§ What you will do: Only one stretch of the records below is wanted: the lines from the one holding "Disclaimer: no animals" through the one holding "The location of". Return it exactly, both ends included.

§ Material shown:
=-=-=

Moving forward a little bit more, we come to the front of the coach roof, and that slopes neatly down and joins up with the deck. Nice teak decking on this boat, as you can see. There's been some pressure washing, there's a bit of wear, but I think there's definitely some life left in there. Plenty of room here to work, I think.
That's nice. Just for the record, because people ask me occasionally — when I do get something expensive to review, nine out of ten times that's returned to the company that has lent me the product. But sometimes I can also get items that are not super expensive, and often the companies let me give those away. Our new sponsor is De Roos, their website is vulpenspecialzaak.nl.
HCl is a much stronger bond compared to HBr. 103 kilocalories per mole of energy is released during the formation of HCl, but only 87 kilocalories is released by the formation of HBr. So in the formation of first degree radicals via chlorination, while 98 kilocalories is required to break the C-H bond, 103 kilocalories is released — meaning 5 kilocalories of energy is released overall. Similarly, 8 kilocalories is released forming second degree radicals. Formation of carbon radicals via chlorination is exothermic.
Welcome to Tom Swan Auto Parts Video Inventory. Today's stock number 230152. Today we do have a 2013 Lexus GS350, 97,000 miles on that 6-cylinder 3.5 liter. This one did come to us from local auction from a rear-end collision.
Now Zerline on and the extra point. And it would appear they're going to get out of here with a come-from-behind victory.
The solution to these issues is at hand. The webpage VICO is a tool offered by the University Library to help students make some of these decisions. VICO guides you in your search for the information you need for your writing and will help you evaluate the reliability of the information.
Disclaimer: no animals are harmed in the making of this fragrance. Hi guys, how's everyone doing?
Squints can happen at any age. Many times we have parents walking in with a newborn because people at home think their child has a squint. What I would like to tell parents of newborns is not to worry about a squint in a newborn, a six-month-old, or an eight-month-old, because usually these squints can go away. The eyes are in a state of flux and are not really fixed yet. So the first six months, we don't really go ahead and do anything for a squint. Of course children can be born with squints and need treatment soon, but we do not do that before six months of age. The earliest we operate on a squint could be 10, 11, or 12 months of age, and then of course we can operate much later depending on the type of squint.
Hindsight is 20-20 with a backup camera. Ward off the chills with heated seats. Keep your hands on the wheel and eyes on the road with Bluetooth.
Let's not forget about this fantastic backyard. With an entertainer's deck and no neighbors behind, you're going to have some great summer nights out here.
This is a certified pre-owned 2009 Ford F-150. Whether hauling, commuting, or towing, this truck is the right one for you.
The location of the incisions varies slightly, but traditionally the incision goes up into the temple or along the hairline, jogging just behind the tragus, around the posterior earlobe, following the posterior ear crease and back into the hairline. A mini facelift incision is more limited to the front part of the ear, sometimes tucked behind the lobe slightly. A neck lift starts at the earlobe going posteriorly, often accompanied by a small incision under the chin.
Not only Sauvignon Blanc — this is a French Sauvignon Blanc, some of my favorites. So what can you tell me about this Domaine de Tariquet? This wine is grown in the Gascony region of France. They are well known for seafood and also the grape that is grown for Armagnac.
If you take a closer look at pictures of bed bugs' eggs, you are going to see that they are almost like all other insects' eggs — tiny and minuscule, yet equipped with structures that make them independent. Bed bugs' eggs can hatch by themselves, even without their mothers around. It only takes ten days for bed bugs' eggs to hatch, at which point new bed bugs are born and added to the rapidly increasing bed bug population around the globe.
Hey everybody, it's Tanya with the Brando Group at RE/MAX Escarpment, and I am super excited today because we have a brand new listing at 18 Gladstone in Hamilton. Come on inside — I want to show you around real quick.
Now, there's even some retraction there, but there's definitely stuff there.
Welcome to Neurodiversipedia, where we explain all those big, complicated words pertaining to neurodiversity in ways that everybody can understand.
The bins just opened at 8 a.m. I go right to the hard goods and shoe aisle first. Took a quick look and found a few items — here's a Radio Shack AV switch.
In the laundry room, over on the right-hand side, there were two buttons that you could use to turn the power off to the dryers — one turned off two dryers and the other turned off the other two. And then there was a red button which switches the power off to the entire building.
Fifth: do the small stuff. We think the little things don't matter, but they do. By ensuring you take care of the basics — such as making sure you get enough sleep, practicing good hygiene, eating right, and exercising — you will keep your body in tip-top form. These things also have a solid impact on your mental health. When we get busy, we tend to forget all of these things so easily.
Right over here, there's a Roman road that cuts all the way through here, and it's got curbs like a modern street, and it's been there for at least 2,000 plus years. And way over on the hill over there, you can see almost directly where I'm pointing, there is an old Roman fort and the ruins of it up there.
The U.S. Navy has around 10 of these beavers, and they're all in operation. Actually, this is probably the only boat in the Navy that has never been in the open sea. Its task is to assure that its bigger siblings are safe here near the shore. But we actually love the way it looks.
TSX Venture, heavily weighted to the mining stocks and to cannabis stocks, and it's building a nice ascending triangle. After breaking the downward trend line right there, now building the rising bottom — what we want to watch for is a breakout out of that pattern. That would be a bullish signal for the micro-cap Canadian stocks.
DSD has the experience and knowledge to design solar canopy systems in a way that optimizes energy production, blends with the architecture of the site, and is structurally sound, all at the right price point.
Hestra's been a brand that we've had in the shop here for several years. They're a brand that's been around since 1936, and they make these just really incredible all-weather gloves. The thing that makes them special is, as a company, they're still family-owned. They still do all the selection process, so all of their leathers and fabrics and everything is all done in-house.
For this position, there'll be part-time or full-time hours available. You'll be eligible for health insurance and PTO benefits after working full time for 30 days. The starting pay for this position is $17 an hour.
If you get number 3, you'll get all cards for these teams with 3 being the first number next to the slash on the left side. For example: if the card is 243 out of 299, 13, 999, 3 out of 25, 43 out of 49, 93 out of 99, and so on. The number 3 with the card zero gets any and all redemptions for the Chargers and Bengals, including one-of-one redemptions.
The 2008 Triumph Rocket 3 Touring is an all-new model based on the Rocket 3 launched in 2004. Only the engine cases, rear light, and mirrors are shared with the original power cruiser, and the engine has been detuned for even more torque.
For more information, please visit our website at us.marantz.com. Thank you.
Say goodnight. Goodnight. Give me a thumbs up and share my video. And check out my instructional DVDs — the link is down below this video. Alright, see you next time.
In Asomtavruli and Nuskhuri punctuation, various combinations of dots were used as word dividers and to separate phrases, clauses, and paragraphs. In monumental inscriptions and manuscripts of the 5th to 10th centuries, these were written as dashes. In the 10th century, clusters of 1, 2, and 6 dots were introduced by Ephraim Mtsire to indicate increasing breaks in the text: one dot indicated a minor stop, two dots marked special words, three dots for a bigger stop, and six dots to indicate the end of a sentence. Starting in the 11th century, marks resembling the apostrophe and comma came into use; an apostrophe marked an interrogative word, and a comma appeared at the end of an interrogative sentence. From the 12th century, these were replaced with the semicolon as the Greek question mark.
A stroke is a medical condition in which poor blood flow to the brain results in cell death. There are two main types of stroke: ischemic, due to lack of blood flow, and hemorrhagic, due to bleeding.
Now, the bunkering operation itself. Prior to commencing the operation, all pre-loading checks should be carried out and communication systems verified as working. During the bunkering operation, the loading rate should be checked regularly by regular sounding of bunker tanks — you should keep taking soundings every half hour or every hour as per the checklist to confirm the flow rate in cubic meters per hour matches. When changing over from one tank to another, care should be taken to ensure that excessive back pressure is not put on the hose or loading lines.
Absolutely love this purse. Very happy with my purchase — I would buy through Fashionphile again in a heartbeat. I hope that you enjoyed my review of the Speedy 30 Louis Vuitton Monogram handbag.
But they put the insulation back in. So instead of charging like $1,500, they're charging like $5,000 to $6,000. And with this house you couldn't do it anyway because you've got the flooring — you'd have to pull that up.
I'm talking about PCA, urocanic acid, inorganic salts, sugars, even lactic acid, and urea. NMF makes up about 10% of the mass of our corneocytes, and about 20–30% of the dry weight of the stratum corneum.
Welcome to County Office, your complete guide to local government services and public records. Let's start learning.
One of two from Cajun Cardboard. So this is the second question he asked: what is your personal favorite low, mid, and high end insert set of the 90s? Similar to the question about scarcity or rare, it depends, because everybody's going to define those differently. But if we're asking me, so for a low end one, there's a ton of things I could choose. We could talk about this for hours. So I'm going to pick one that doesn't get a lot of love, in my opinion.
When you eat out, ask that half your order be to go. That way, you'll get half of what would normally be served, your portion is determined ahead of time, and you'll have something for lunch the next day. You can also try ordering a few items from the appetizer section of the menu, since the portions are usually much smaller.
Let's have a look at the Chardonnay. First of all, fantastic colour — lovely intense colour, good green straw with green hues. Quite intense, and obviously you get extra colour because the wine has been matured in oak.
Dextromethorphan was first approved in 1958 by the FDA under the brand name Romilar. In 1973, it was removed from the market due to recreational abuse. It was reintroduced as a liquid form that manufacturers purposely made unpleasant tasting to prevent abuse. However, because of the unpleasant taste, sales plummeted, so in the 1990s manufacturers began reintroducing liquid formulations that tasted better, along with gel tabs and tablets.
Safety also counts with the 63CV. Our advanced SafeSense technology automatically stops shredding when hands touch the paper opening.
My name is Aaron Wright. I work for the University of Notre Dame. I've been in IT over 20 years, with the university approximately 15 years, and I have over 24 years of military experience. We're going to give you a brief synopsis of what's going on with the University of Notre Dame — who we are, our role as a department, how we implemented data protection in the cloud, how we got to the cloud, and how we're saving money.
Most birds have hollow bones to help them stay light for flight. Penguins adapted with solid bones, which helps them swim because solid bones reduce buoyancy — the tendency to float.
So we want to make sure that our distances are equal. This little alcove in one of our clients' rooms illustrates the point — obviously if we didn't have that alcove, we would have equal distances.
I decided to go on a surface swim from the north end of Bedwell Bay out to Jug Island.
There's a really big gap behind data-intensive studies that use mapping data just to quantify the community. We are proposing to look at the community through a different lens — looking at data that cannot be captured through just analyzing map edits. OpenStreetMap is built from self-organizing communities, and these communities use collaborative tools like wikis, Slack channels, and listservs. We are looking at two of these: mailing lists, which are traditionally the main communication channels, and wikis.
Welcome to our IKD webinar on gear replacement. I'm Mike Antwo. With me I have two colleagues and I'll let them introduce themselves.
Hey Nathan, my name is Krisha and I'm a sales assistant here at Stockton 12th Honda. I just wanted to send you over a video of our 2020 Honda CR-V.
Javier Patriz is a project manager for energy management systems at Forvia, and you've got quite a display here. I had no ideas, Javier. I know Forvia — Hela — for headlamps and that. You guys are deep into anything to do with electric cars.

=-=-=

§ Response to this task:
Disclaimer: no animals are harmed in the making of this fragrance. Hi guys, how's everyone doing?
Squints can happen at any age. Many times we have parents walking in with a newborn because people at home think their child has a squint. What I would like to tell parents of newborns is not to worry about a squint in a newborn, a six-month-old, or an eight-month-old, because usually these squints can go away. The eyes are in a state of flux and are not really fixed yet. So the first six months, we don't really go ahead and do anything for a squint. Of course children can be born with squints and need treatment soon, but we do not do that before six months of age. The earliest we operate on a squint could be 10, 11, or 12 months of age, and then of course we can operate much later depending on the type of squint.
Hindsight is 20-20 with a backup camera. Ward off the chills with heated seats. Keep your hands on the wheel and eyes on the road with Bluetooth.
Let's not forget about this fantastic backyard. With an entertainer's deck and no neighbors behind, you're going to have some great summer nights out here.
This is a certified pre-owned 2009 Ford F-150. Whether hauling, commuting, or towing, this truck is the right one for you.
The location of the incisions varies slightly, but traditionally the incision goes up into the temple or along the hairline, jogging just behind the tragus, around the posterior earlobe, following the posterior ear crease and back into the hairline. A mini facelift incision is more limited to the front part of the ear, sometimes tucked behind the lobe slightly. A neck lift starts at the earlobe going posteriorly, often accompanied by a small incision under the chin.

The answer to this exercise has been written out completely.